* [Exercise requirements] Since the records include pictures, leave those out while you reproduce exactly and only the lines from the one containing "Application Western Digital Kitfox" through the one containing "Like New J. D. Fisk Double Monk Strap Boots", inclusive.

* [Data provided]
+-------+
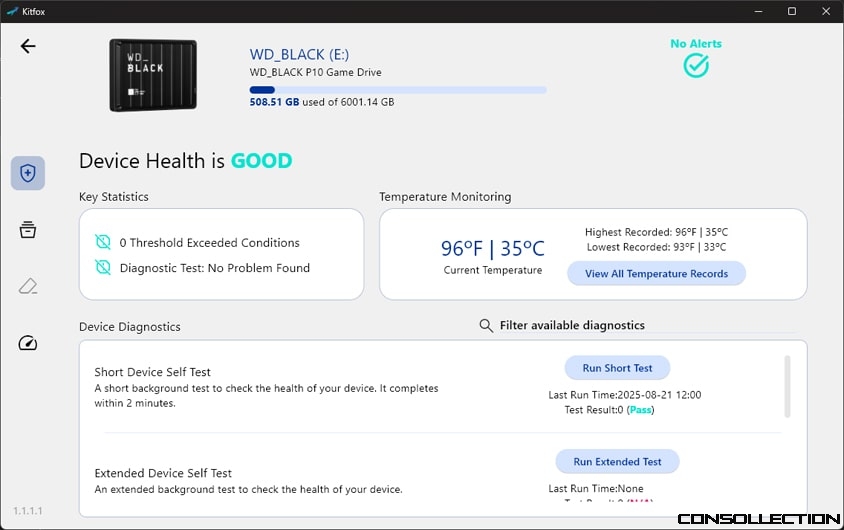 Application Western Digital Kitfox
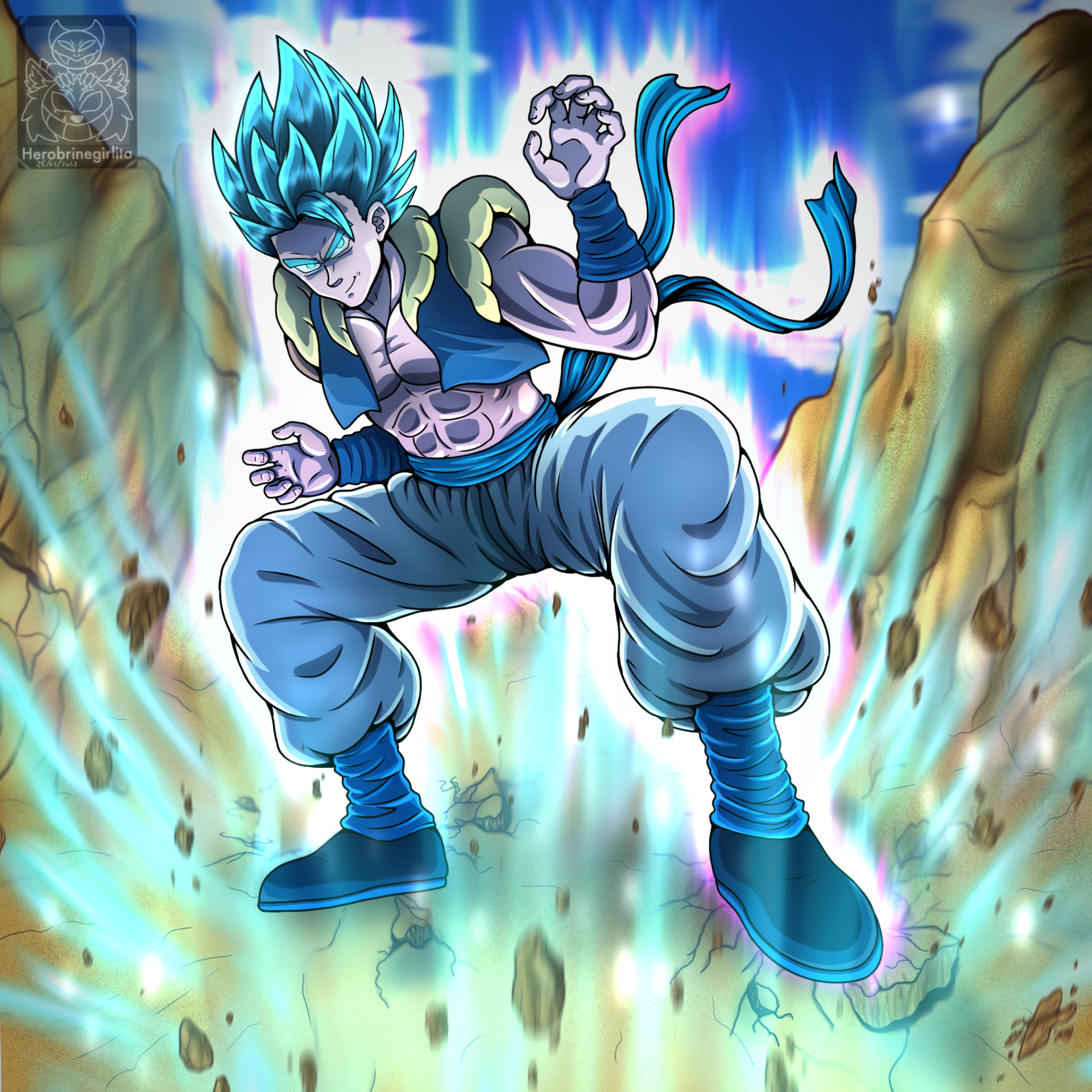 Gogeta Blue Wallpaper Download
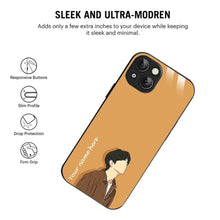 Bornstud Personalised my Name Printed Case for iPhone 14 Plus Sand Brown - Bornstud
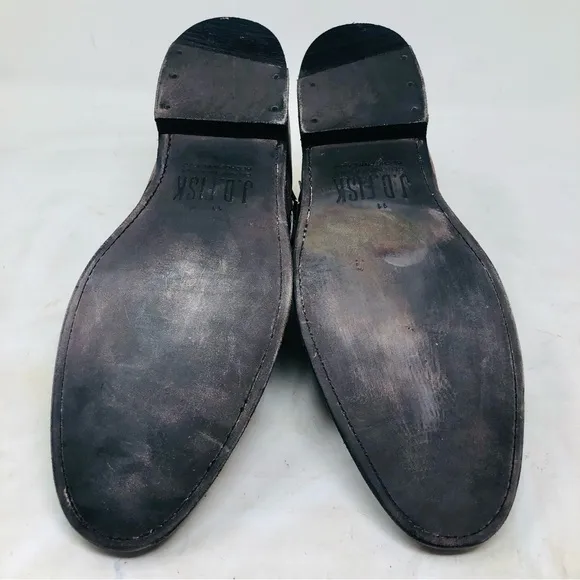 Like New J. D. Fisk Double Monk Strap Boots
+-------+
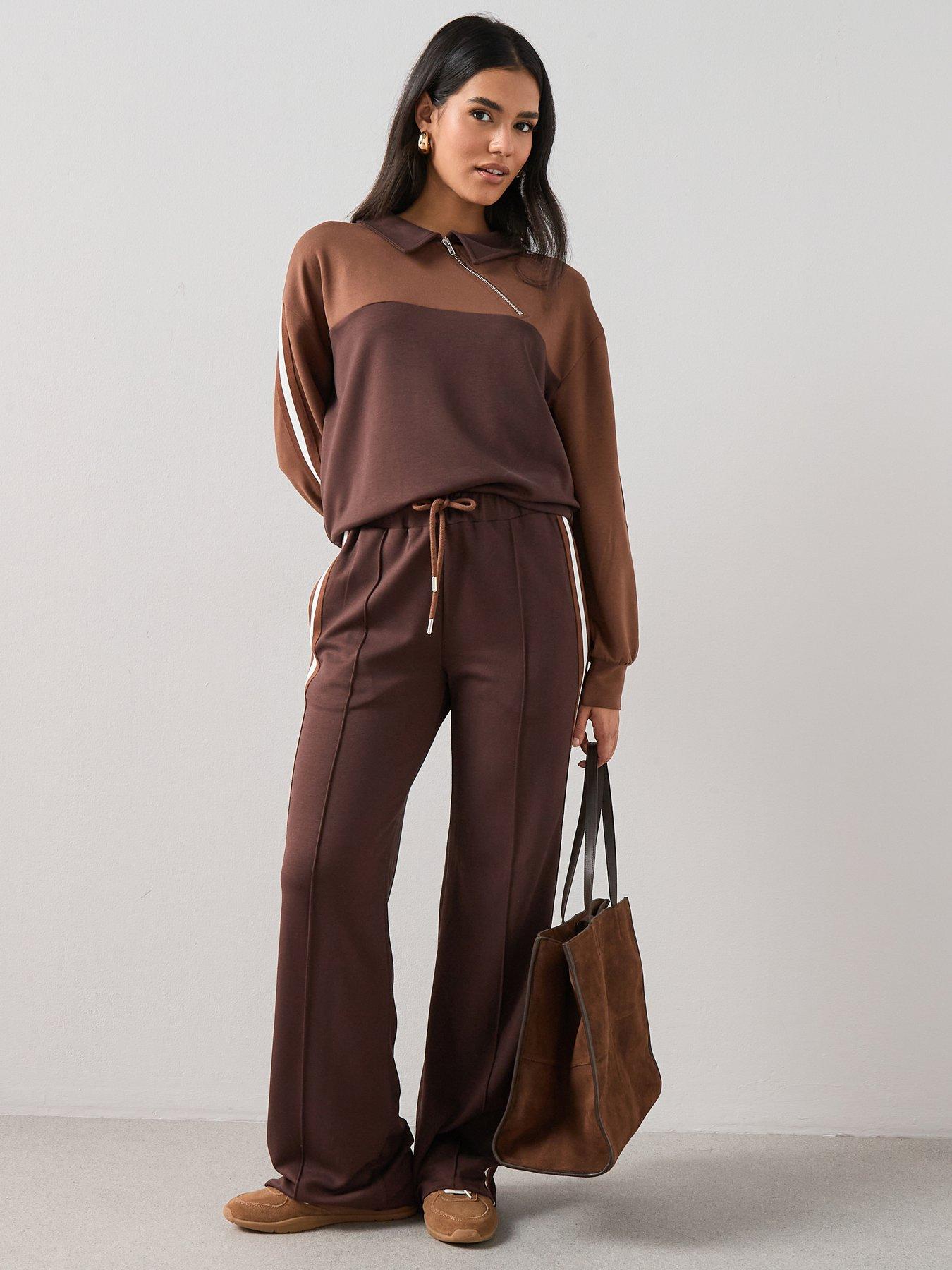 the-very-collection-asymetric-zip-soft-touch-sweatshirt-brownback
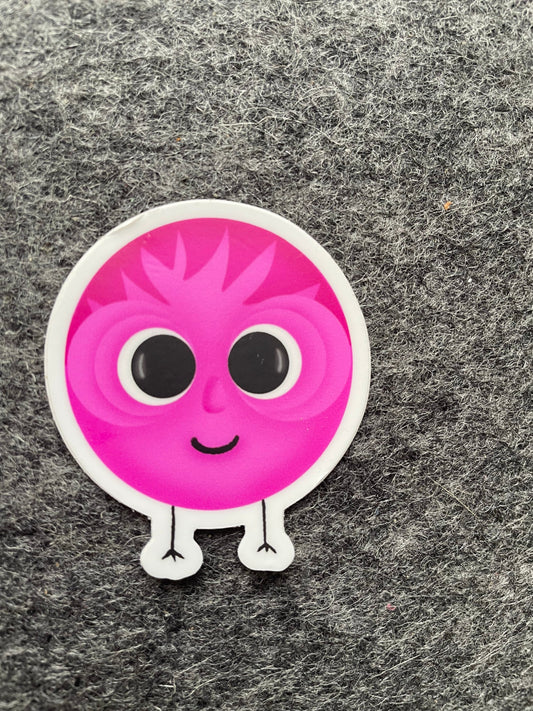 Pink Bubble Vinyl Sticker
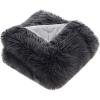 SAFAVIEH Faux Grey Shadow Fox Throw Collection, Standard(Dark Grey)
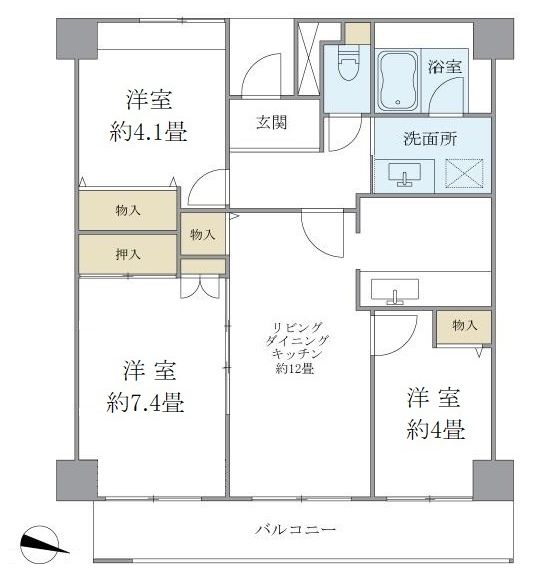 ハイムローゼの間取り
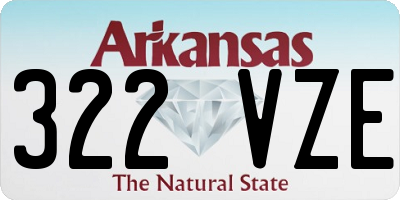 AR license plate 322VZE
+-------+
* [Response area]
 Application Western Digital Kitfox
 Gogeta Blue Wallpaper Download
 Bornstud Personalised my Name Printed Case for iPhone 14 Plus Sand Brown - Bornstud
 Like New J. D. Fisk Double Monk Strap Boots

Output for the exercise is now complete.